Other revenue sources include fees on green and sustainable debt capital market activities, carbon markets trading solutions and advisory services on climate investments. Most of the pool is concentrated in energy, transportation, industry and real estate, the sectors that would need the most capital to transition, Alvarez & Marsal said.
The consultancy named Barclays PLC as one of the leading practice examples for having defined a green product offering across retail, small and medium-sized enterprises, and corporate, covering debt and equity capital markets, corporate lending and consumer lending products. JPMorgan Chase & Co. was highlighted for having the largest sustainable financing target in the industry.
The 2030 ESG revenue pool represents a new revenue stream that will recur annually once banks have hit their financing targets, and the opportunity could be even bigger if efforts accelerate, de la Mora said. But banks could also lose revenue elsewhere as they start to scale down support for sectors or companies that do not align with banks' net-zero plans.
NatWest Group PLC, for example, has started to exit major oil and gas producers that do not have a credible transition plan. At the same time, the U.K.-based lender is enjoying higher revenues in products and asset classes where it is allocating more capital, such as offshore wind, said Solange Chamberlain, COO for commercial and institutional at NatWest.
"It's always hard to estimate exactly how much is new revenues rather than replacing [existing] revenues," said Chamberlain.
NatWest last year set a target to provide £100 billion of sustainable financing by the end of 2025, which is driving revenues, Chamberlain said.
For some climate initiatives it is hard to quantify the revenue impact, but the offerings and expertise are helping the bank deepen relationships with customers, Chamberlain said.
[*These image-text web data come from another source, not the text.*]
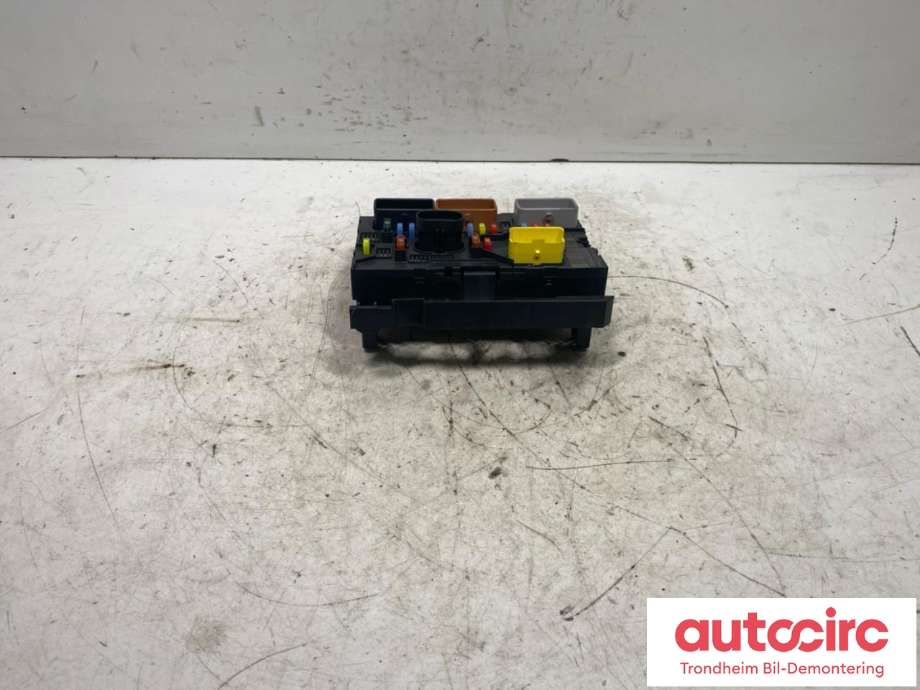 Sikringsboks motorrom til Peugeot 207 2006-2012 (6500 FH|9664055580|)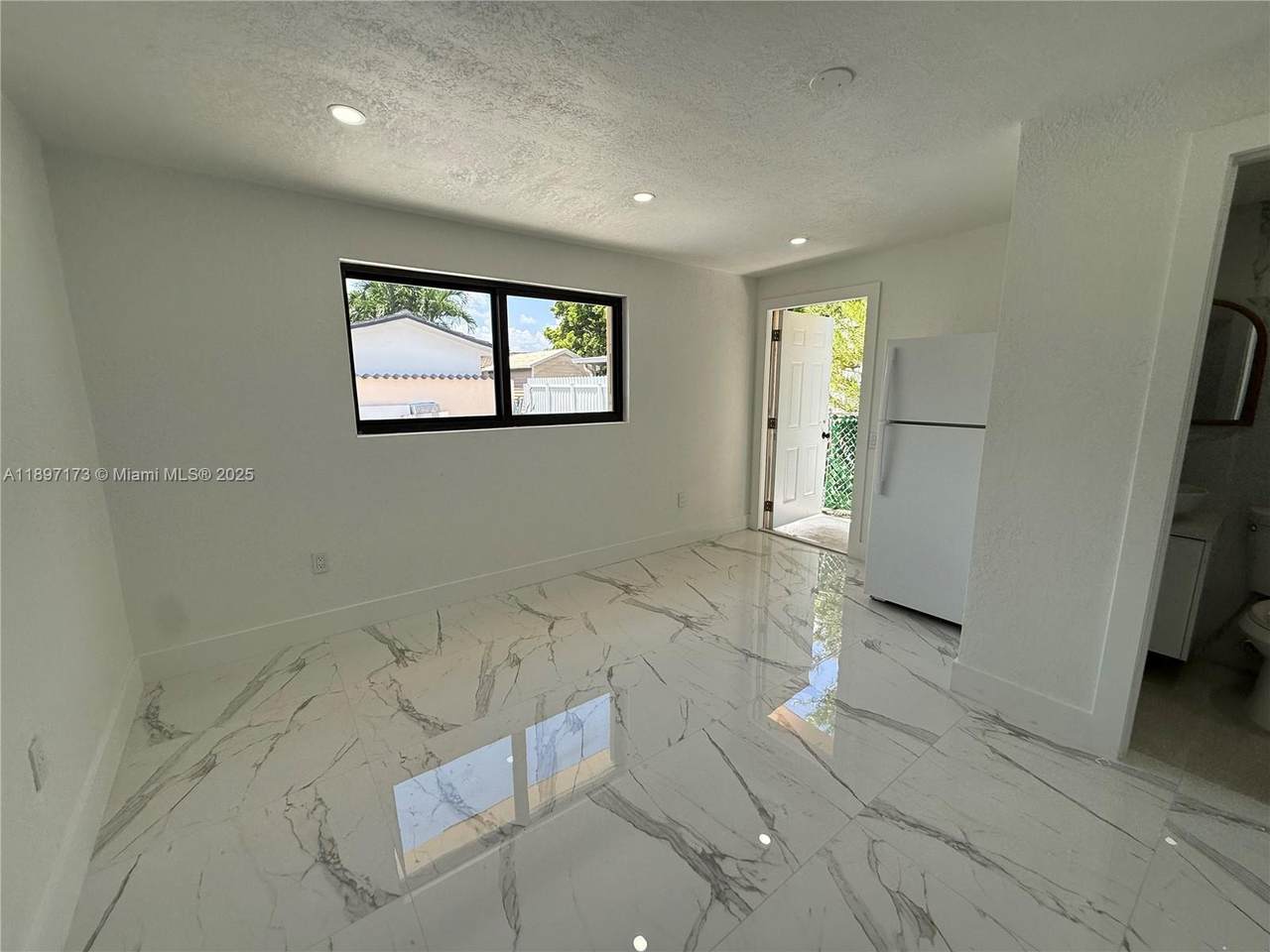 9824 26th Ter - Photo 1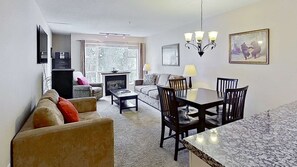 Een televisie en een open haard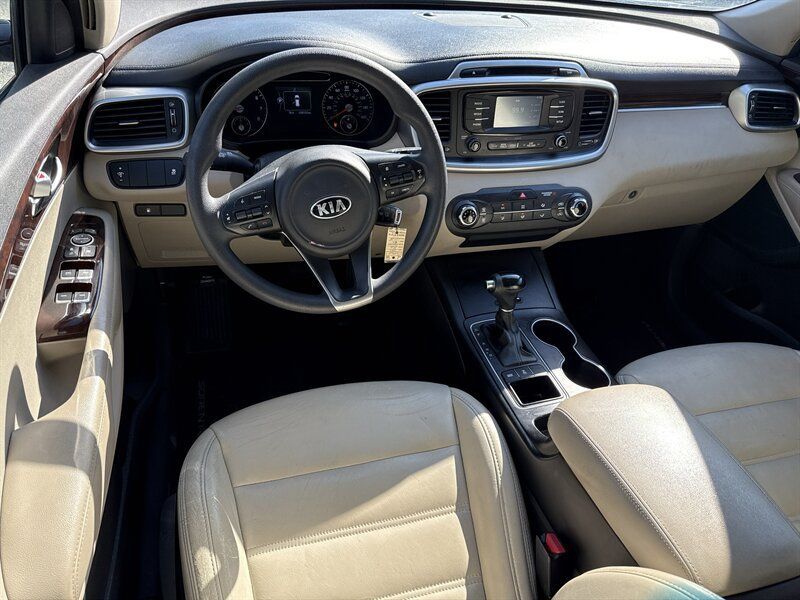 Used 2016 Kia Sorento AWD image 8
For example, NatWest has deployed a carbon tracking tool to help retail clients estimate the carbon footprint of their monthly spend, and it has also put senior leaders and relationship managers through climate training, she said.
Alvarez & Marsal found in its research that U.K. banks are broadly outperforming their European and U.S. peers when it comes to capitalizing on climate opportunities, with NatWest coming out at the top of the ranking. This can be put down to strong investment and commitment across capability areas evaluated, including green product offerings, as well as alignment targets, client orientation and involvement in transition execution.
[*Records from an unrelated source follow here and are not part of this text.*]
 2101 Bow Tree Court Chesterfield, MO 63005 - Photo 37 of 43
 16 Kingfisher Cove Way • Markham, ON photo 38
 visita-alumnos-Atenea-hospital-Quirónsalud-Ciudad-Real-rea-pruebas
The challenge for banks is to ensure they turn their green products into an effective commercial proposition, said Nunzio Digiacomo, partner at McKinsey. Lenders are pushing product adoption by lowering the price, which could compromise the overall revenue pool, Digiacomo said, speaking at the Sibos conference Oct. 11.
But banks could find other commercial opportunities related to their sustainability products, for example, to "upsell and cross-sell" and lock in new clients, Digiacomo said. A sustainable supply chain finance program, for example, gives banks access to suppliers of a customer, he said.
Discounting loan rates could be costly, but banks may also see it as a "seed investment into a much bigger growth plan," which can help them get crucial "boots-on-the-ground-experience," said Gill Lofts, global financial services sustainable finance leader at EY.
"There's an element here of weighing up profitability with experience and credentials," Lofts said.
Banks have also started to think of decarbonization as a "new currency" that they receive from their clients in return for leniency on margins or capital costs, said Peter Beardshaw, global financial services sustainability lead at consulting firm Accenture. This new currency may not show directly in the banks' profits and losses but will be reflected in their emissions profile, he said.